● **YOUR GOAL**: Only one stretch of the data should be retyped: the lines from the line containing "<b>Holiday Inn Express" through the line containing "Used 2024 Honda Odyssey EX-L image 7". Keep pictures out of it.

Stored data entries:
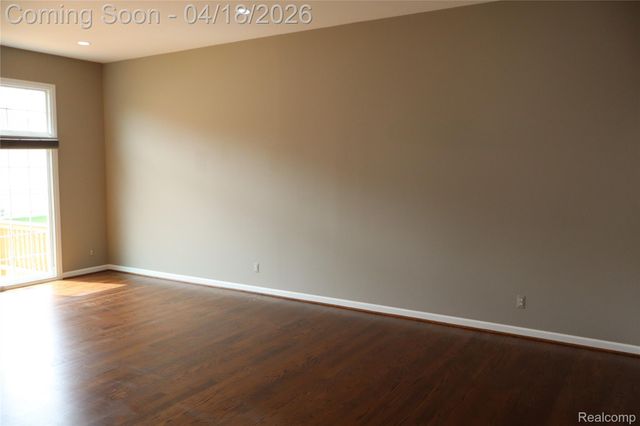 13500 Wyndemere Circle, Sterling Heights, MI 48313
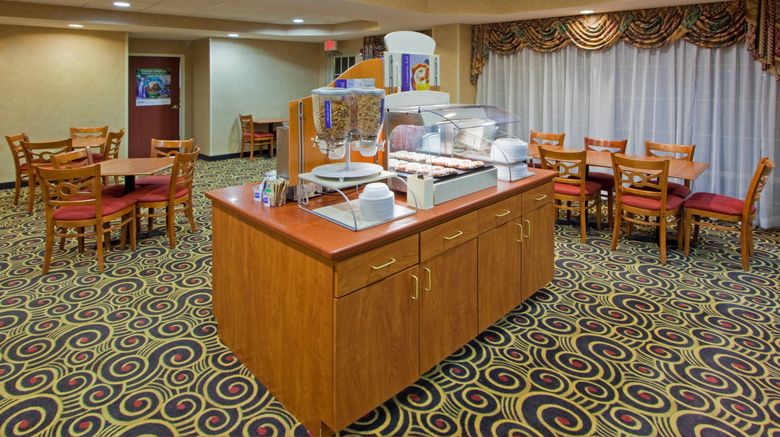 <b>Holiday Inn Express Restaurant</b>. Images powered by <a href="https://www.leonardoworldwide.com/" title="Leonardo Worldwide" target="_blank">Leonardo</a>.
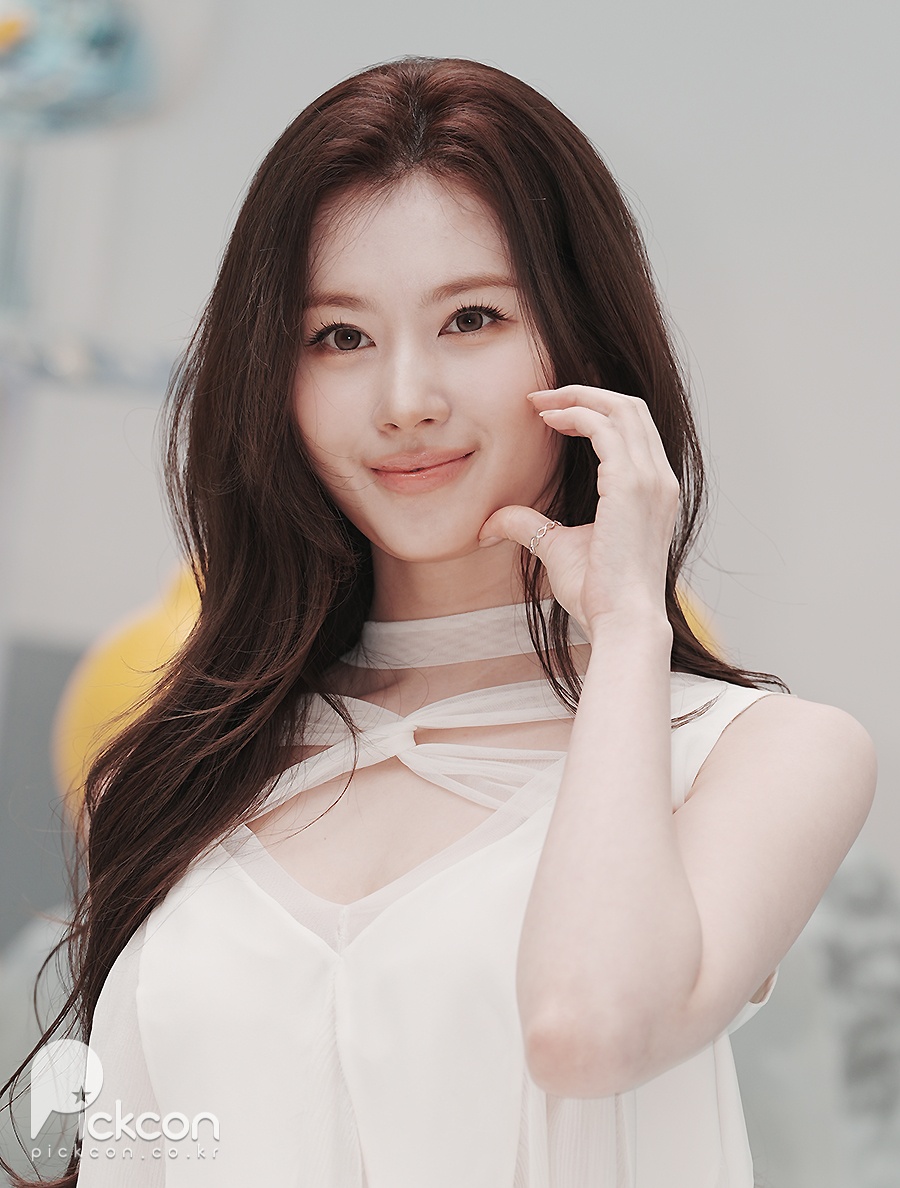 트와이스 사나, '사나 없이 사나 마나' (포토)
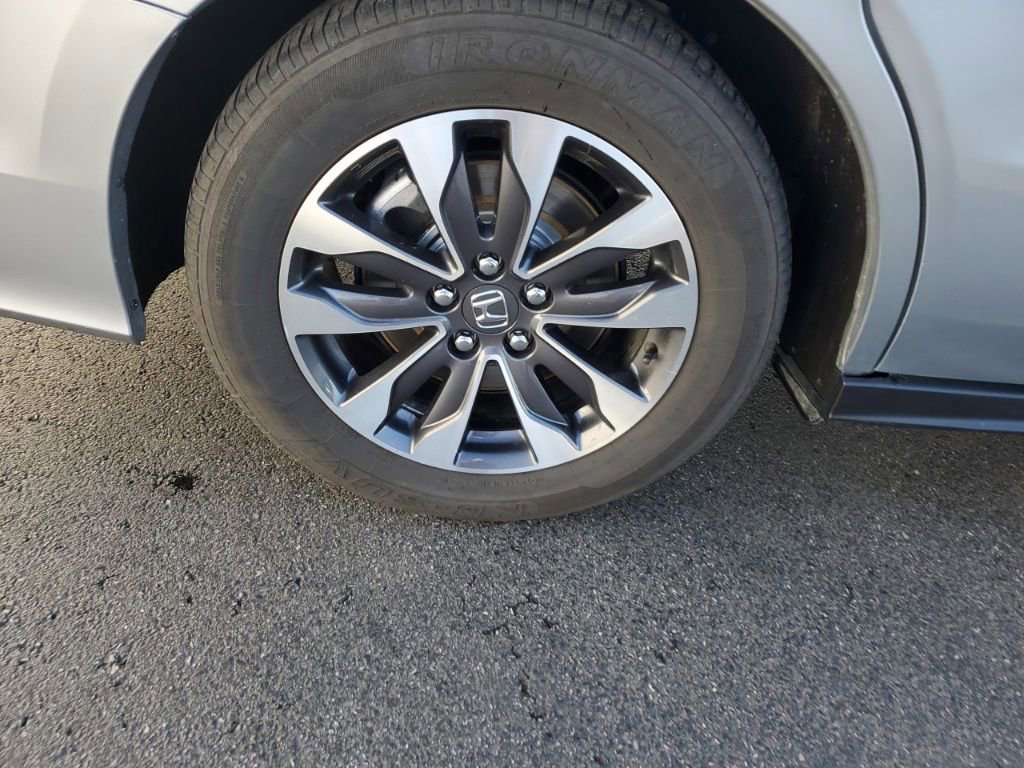 Used 2024 Honda Odyssey EX-L image 7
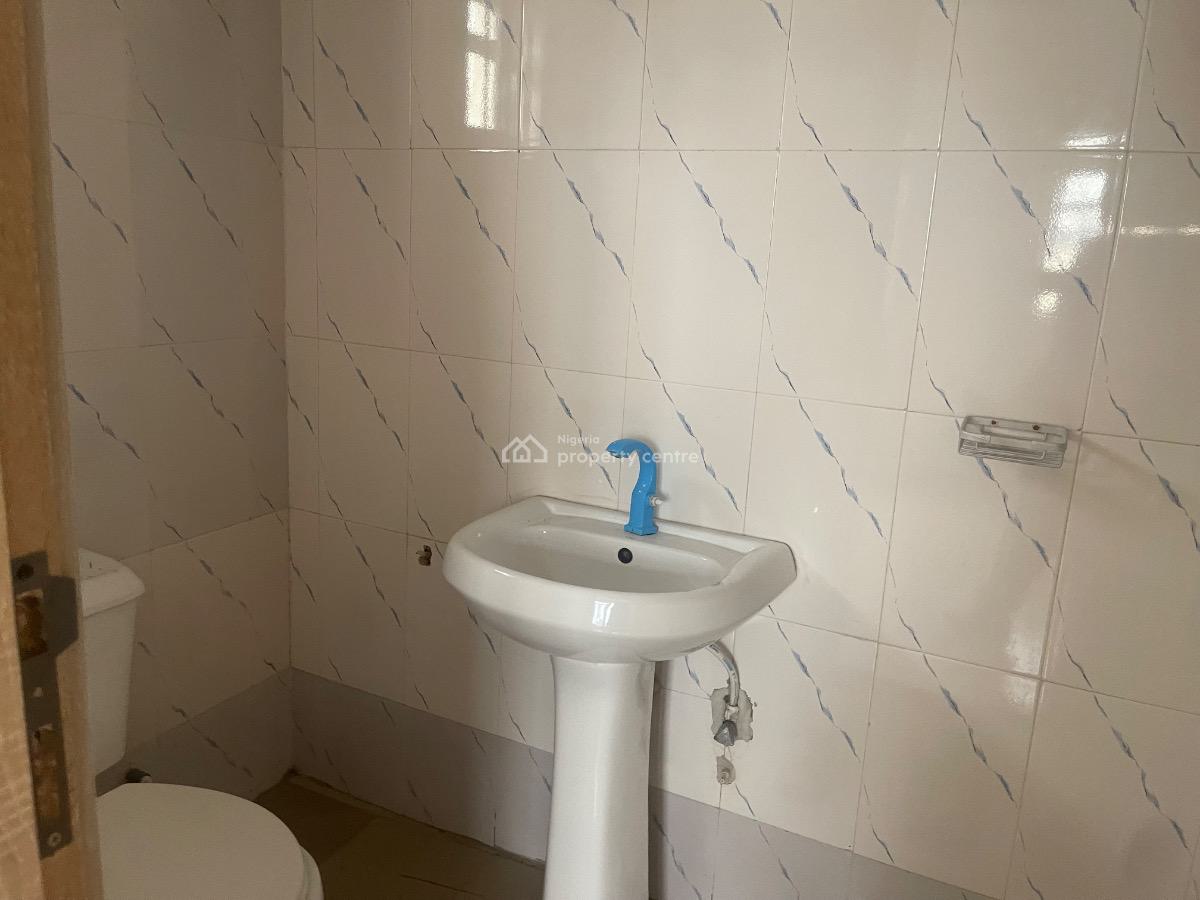 3 Bedroom Apartment  Close to Major Road, Alaguntan  Road, Ilaje, Ajah, Lagos, Flat / Apartment for Rent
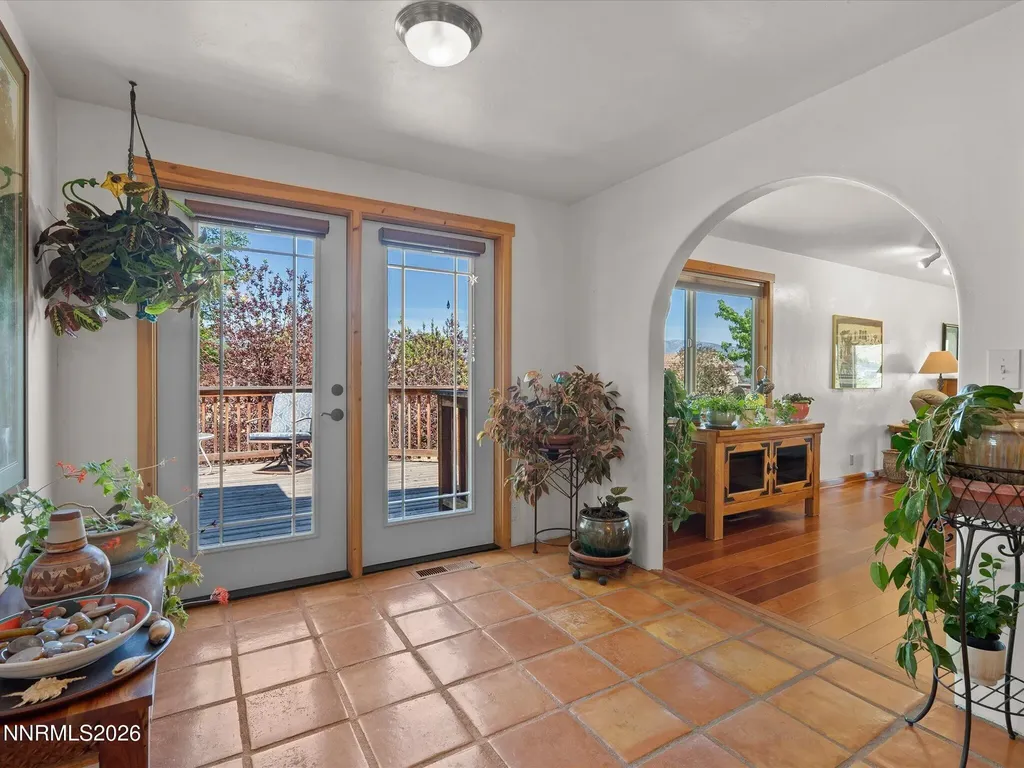 1560 Jones Minden NV 89423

● **RESPONSE TO THIS TASK**:
 <b>Holiday Inn Express Restaurant</b>. Images powered by <a href="https://www.leonardoworldwide.com/" title="Leonardo Worldwide" target="_blank">Leonardo</a>.
 트와이스 사나, '사나 없이 사나 마나' (포토)
 Used 2024 Honda Odyssey EX-L image 7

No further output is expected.